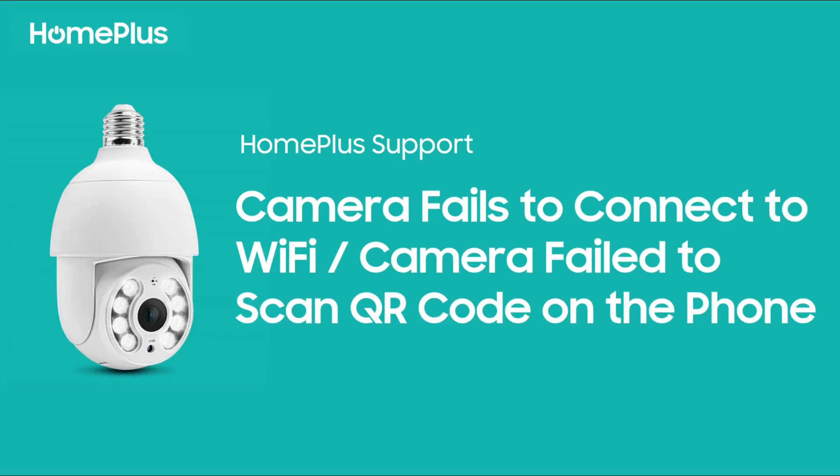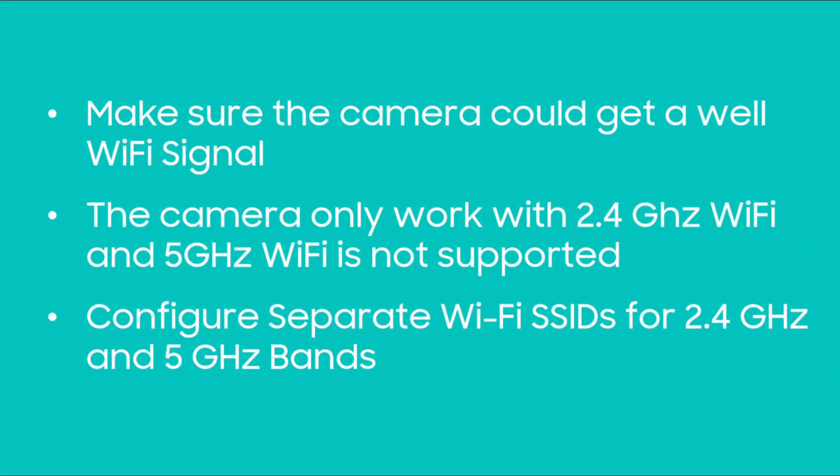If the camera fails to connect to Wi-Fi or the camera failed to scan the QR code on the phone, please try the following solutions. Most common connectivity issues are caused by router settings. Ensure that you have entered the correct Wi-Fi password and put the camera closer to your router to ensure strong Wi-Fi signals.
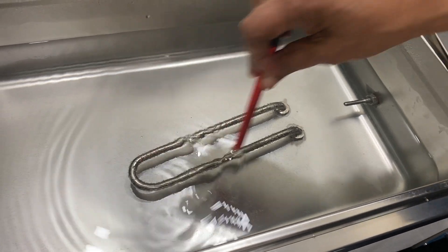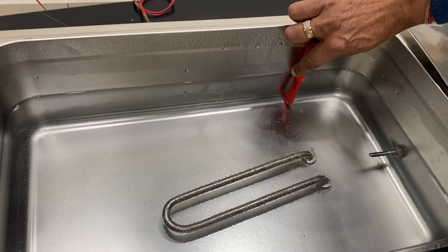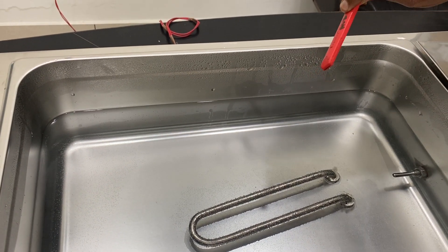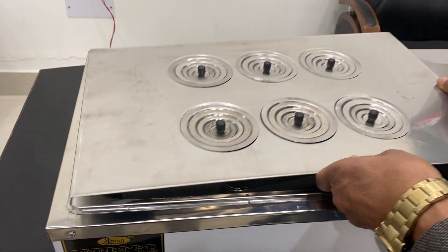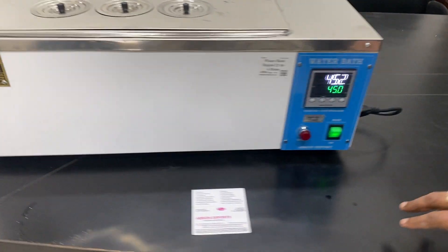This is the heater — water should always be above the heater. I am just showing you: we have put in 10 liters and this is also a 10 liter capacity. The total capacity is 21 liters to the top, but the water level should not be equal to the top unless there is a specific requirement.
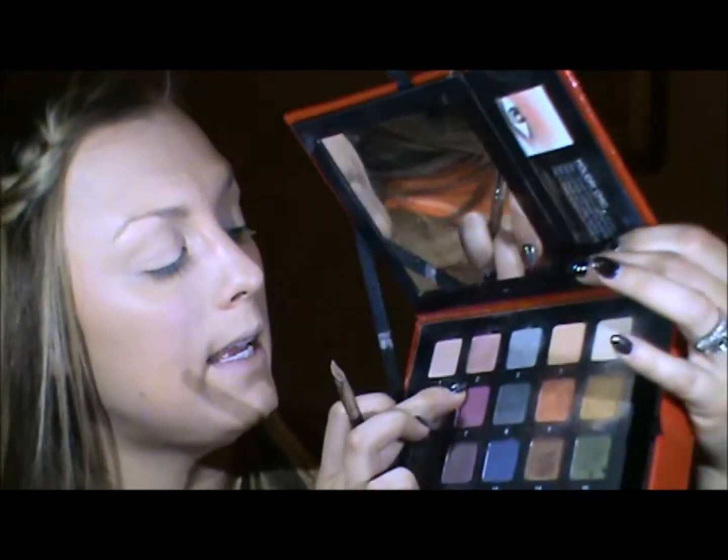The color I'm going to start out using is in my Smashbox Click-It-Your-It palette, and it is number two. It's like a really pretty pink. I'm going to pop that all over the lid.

────────

# Problem
The answer is to be the lines from the line that contains "This is the" through the last line of the material, retyped exactly, both included, with pictures left out, please.

# Written response
This is the heater — water should always be above the heater. I am just showing you: we have put in 10 liters and this is also a 10 liter capacity. The total capacity is 21 liters to the top, but the water level should not be equal to the top unless there is a specific requirement.
The color I'm going to start out using is in my Smashbox Click-It-Your-It palette, and it is number two. It's like a really pretty pink. I'm going to pop that all over the lid.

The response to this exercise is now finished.